Pale lavender poult de soie robe; a low pointed corsage, trimmed with a deep berthe of the same. Short tight sleeves. The skirt is trimmed high,

with flounces put three together; they are deep, laid on in light festoons, and each portion headed by a rouleau. The berthe is edged with a single narrow flounce. Tulle cap, a round shape, and rather high caul; it is bordered all round with two rows of blonde guipure, and trimmed with a guirlande à la Flore, composed of roses and other flowers.


No. 5.

Blue striped foulard robe; a high corsage, and sleeve a three-quarter length over one of muslin bouillonné. Shawl mantle of white barège, a threequarter length, very spacious at the lower part, sitting close at the top, and trimmed with black and rose-coloured passementerie and tassels. Green poult de soie chapeau, a round and rather large shape.

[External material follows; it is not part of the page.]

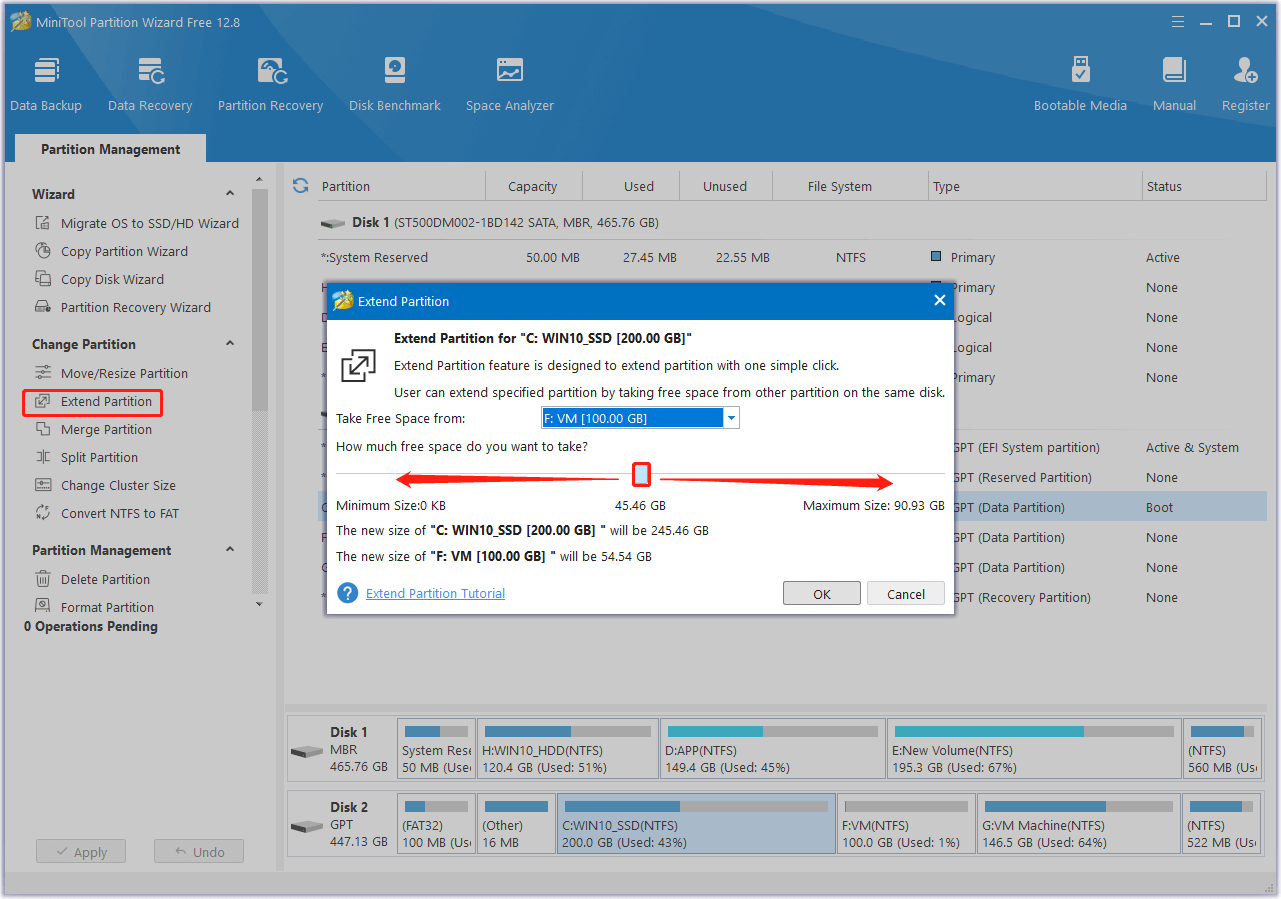 use MiniTool Partition Wizard’s Extend Partition feature to get more free space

The brim is edged with ribbon à la vielle, and the exterior decorated with a lace drapery, a tuft of white flowers and a long sprig of foliage.


No. 6

Rose-coloured taffeta robe; a half-high corsage, and sleeve à la Louis XV. White gros de naples capote, a small round drawn shape; the interior decorated with knots and brides of white ribbon; the exterior with a wreath of exotics. Black lace mantelet à la reine, of a large size.

No. 7.

Robe of fawn-coloured barège satiné; the corsage very high at the back; the fronts disposed en gerbe, and very open nearly to the bottom of the waist, displaying the chemisette, composed of alternate plain bands, and embroidered entre deux. The sleeve is nearly long, and arched at the bottom, displaying a muslin under sleeve; biais tucks ornament the upper and lower part of the silk sleeve. The skirt is finished with two deep tucks. Chapeau of open fancy straw, a round shape, the interior trimmed with knots of rose and white striped ribbon, and brides of the same. The exterior decorated with a bouquet of roses of different hues, and small flowers; it is placed on one side, and attached by long ends of ribbon, which float on the other.

No. 8.

Blue and white shaded gros de naples robe; a half-high corsage, tight to the shape. Sleeve a three-quarter length, arched at the bottom, displaying an under sleeve of embroidered muslin. The skirt is trimmed with five flounces. The chapeau presents a side view of the one just described.